In the courtyard of my school, students are huddled in large, teeming clusters of matching costumes: bright red shorts held with suspenders over bright yellow shirts, soccer jerseys with names printed on the back, forty purple polo’s topped with ridiculous headband bows, the striped bow ties sticking straight into the air off of forty giggling faces, forty sets of Pikachu ears perched on forty pig-tailed heads. The deep pounding of drums resonates across the courtyard and in order of class, the students perform choreographed dances to start off the day. Their synchronized moves are met with wild screams from their fellow students in the stands. I wander with my camera, snapping pictures, smiling at the excited, “Amanda teacher!” greetings. The teachers sit under an awning on a raised platform that overlooks the courtyard: there are tables heaped high with clusters of grapes, boxes of rice cakes, perfectly sliced watermelons. Here, the air is cool and the sun cannot reach them.
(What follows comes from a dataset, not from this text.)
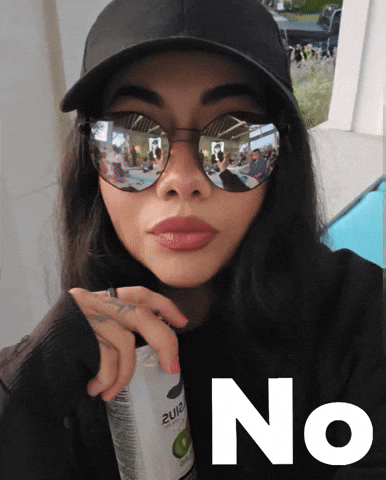 No Thanks GIF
I love the twang of the Korean musical instruments, girls’ voices screaming with the beat, the traditional drums booming through the air. My students are happy, today they are freed from their studies, they dance and scream as they compete with each other: three-legged races, tug of war, dodge ball, relay races. Nobody gives me instruction, but it no longer seems necessary. The sky is blue with fat, white clouds, and I am so immersed, this life has normalized for me.

“One year ago,” Mickey says as she sits beside me on the cement steps. “I remember one year ago, your first day. You seemed so kind, and beautiful, and… something like that.” I smile at the air between us, warm with her encouragement, before raising my eyes to meet hers. We’re both preparing to leave, standing in the anxious few days of familiarity before we step off the ground into our next plane, actively changing the world as we know it.

My stomach knows it, knotting in excitement, in nervousness, begging my brain to make lists to assuage the anxiety, to maintain control over the details. My last class has finished. My heart feels the weight of the temporary, relishing the slowness in the moments. The twang of the drum brings me back, feeling distant but calm, my last few days in Korea. The whistles scream, the sun is hot, we practice warm ups with my relay team, the students’ screams fill the courtyard and I am selected to run first. The frantic beat of the drums fill the air, we stand in a row and the students fill the space around the track, dancing and cheering wildly, a photographer stands with his camera at the ready, the microphone screeches from the podium as we wait for the shot from the gun.